If you go Pass, I would go to the 250.5 or 350.5. I know with my 2.7's they didn't start to sound right until I had 600w/ch per side (4 ohm) going through them. Others have mentioned the big Brystons as they work well with Maggies, and I agree they are worth checking out. Despite what you get, I would make sure you are at least at 500 w/ch.
I don't think the 150.5 is enough, especially in your room. There is a reason so many are recommending huge amps like the Wyred for Sound, Bryston 14Bsst, or Pass 350.5. The maggies are not very efficient and will run through the 150.5's 300 watts in no time. Going to an amp like the Wyred for Sound or big Bryston will net you another 4-5 db's of headroom, a significant difference.

I like Pass stuff, but think it is extremely expensive and not worth twice as much as Bryston, with the 350.5 running nearly $12,000 for a new one, vs. the Bryston's still expensive $6,000. The Wyred for sound ST-1000 as the comparative bargain of $2000 gives you 1140 watts per side, a 6 db increase in output capability over the X150.5 amp.
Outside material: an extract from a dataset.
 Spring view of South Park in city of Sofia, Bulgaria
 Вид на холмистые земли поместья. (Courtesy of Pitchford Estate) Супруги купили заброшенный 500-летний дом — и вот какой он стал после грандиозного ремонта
It also leaves a lot more cash in your pocked for other things.
Bombaywalla,

You are correct the Maggies are a relatively benign load in terms of current requirements; as long as the amp is comfortable into 4 ohm loads, there shouldn't be a problem. What you are forgetting is that Maggies do suffer from dynamic compression that gets worse the harder you push them. Your calculations would be correct if they were linear, but they are probably suffering from 2-6 dbs of compression in the mid 90 db range.

My experience with my 2.7s was that with 200 watts behind them, they were completely underwhelming. When I borrowed a friends older Yamaha M80 amplifier (330w/ch) I flat out would run it out of power, the VU meters would light up like a Christmas tree in Times Square. It was only when I bought an Adcom GFA-5500 (350w/ch with 1.7 db of headroom i.e. 500 a side on peaks) that they started feel better. Even with the Adcom, I would light up the clipping lights on loud passages. I ultimately ended up with a Sunfire Stereo (600 per side) and if I could swing it would go to the signature version at 1200 per side. This was all in a 14 x 17 foot room.

The x.150 puts out 300 watts/ch into a 4 ohm load, which as others have said is not adequate from their experience. My experience says that 300 watts/ch in a smaller room wasn't adequate, so I have no reason to believe it would be in a larger room.

The article you cite in Stereopile sums it pretty well when the review says "Another consideration is that although the 3.6/R is a benign load—mainly resistive and a fairly flat 4 ohms—at 86dB/2.83V/m they’re not terribly sensitive. The VAC Renaissance 70/70 is an unusually strong 70W amp, but wasn’t really enough to make the Maggies sing. The Mark Levinson No.20.6s, VTL Ichibans, and Classé CAM-350s all did better jobs of resolving low-level dynamics and detail, and opened up the soundstage noticeably. I spent time with all three, but ended up preferring and doing most of my listening with the Classé monoblocks, which are rated as delivering 700Wpc into the Maggies’ 4 ohm load."
DNE, when you say the Pass is really a 250watt amp disguised as a 150 watt amp, that is a bit misleading. Most well designed high end amps will handily exceed their rated output by 1-2db's, the amount of out performance you claim for the Pass. I think the pass is a great amp, if I were rich, I would buy one, but I also think given the size of the buyer's room, and fact that he was not enthused with the McIntosh 402 with 400 watts per channel and 2 dbs of headroom, that he would be well served by having the extra 3-5 dbs that a bigger amp would put out, whether from Pass Labs, Bryston, Wyred, Sunfire, McIntosh or any other number of excellent manufactures.

For Stickman, I have to ask if you watched the meters on the Mac when you were using it. For the levels you wanted, were you getting close to clipping it? That would give everyone a better idea of your power needs.